Sur la demande de sursis à statuer :

Il est soutenu par la société CGV que la société Floradis a versé aux débats un document confidentiel (écran informatique relatif au suivi commercial et comptable de la société Eiffage) qui était irrégulièrement en sa possession, ce qui a justifié une plainte pénale, qui sera prochainement suivie d'une plainte avec constitution de partie civile.

La société Floradis réplique que le document litigieux, qui était régulièrement en sa possession dans le cadre de l'exécution du mandat d'intérêt commun, a été retiré des débats en première instance et n'est pas produit en cause d'appel, ce qui rend la demande de sursis à statuer totalement infondée.

Sur ce

Le tribunal a pris acte du retrait par la société Floradis de sa pièce n° 48, qui n'a pas fait l'objet d'une nouvelle communication en appel, et il n'est justifié ni du sort réservé à la plainte pénale de la société CGV ni du dépôt effectif d'une plainte avec constitution de partie civile.

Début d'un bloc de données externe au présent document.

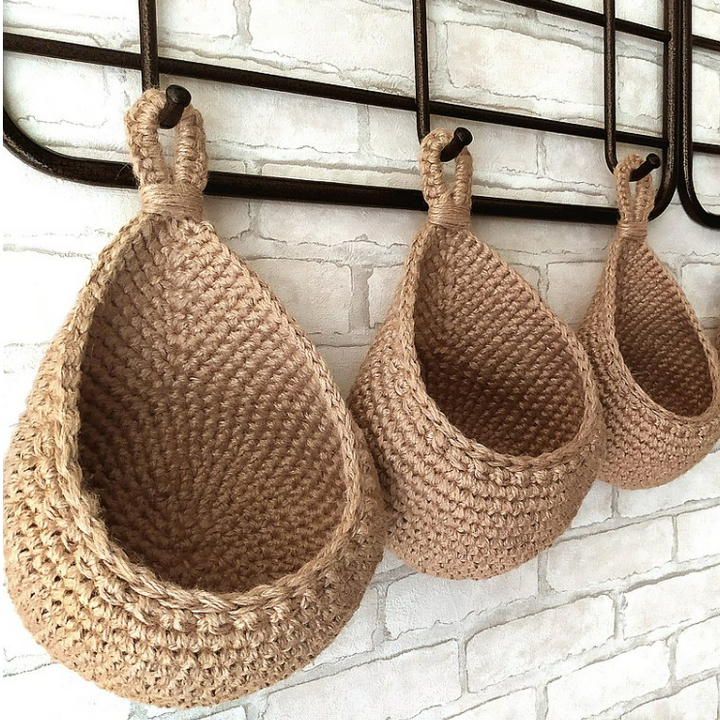 Jute Wall Mounted Storage Basket Organizer Set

L'issue de cette plainte, à supposer qu'elle soit toujours en cours d'examen, n'est donc pas de nature à exercer une influence quelconque sur la présente procédure civile.

La demande de sursis à statuer sera par conséquent rejetée.

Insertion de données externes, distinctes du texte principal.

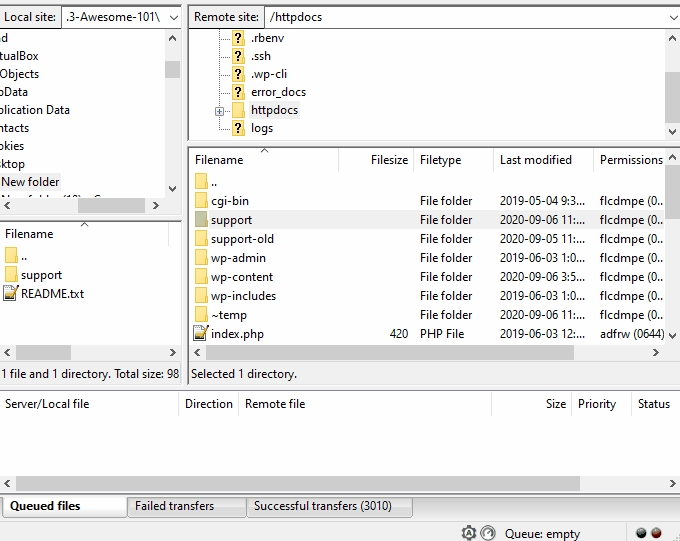 Copying config file via FTP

Sur la demande de production sous astreinte des justificatifs de l'activité professionnelle complémentaire de la société Floradis depuis l'année 2009 :

Soutenant que la société Floradis a exercé pendant l'exécution du contrat d'agent commercial une activité de représentation commerciale au profit d'autres mandants susceptibles de la concurrencer en violation de la clause de non-concurrence contenue dans le contrat du 7 juin 2005, la société CGV sollicite la production sous astreinte des autres contrats d'agent commercial et de tout justificatif de cette activité complémentaire.

Pour exiger cette production, dont notamment le grand livre comptable de l'agent commercial, elle se fonde notamment sur l'existence d'un excédent de chiffre d 'affaires par rapport au commissionnement dû en exécution du contrat d'agent commercial, sur les comptes rendus de gérance de la société Floradis, ainsi que sur le fait que celle-ci aurait continué à travailler avec ses anciens clients.

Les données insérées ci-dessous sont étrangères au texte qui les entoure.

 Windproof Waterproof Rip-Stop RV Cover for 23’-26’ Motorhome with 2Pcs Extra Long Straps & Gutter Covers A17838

La société Floradis réplique qu'elle n'a conclu aucun autre contrat d'agent commercial, qu'aucun élément ne permet de suspecter qu'elle aurait assuré la commercialisation de produits concurrents, que si elle a pris contact avec cinq de ses clients historiques après le prononcé de la rupture du contrat d'agent commercial par le jugement déféré, c'est dans le cadre de sa nouvelle activité d'apporteur d'affaires en systèmes de détection incendie et que son obligation de non-concurrence est expirée depuis le mois d'octobre 2015.

Sur ce

Le rapprochement entre les comptes de résultat de l'agent commercial et le tableau récapitulatif des commissions payées en exécution du contrat liant les parties, mais aussi les comptes rendus annuels de gestion de la gérance font, certes, apparaître qu'à compter de l'exercice 2009 la société Floradis a réalisé un chiffre d'affaires supérieur aux commissions perçues en relation avec une activité de négoce de matériel électrique et électronique développée à compter de l'exercice 2008.

À défaut de tout élément de preuve contraire cette activité accessoire, dont la réalité est également attestée par l'expert-comptable de l'entreprise qui a confirmé le 16 octobre 2015 que sa cliente avait étendu son objet social en décembre 2007 à des opérations de négoce dans le domaine de l'éclairage architectural à led, n'entre pas cependant en concurrence avec la commercialisation de solutions et de produits de vidéosurveillance et de sonorisation, objet du contrat litigieux du 7 juin 2005, qui n'interdit nullement à l'agent d'exercer pendant la durée du contrat une activité complémentaire non concurrentielle.

De la même façon, s'il résulte du rapport d'enquête privée commandé par la société CGV qu'au cours du mois d'octobre 2015 le dirigeant de la société Floradis a eu des contacts commerciaux avec cinq de ses anciens clients historiques, plusieurs d'entre eux ont attesté qu'ils avaient cessé de passer commande à la société CGV en raison de divers manquements exclusivement imputables à la venderesse (absence de suivi technique, livraisons défectueuses, incompétence du service après-vente, dysfonctionnements du matériel) et qu'ils s'adressaient désormais à d'autres fournisseurs, dont ils n'indiquent nullement qu'ils auraient été représentés par la société Floradis.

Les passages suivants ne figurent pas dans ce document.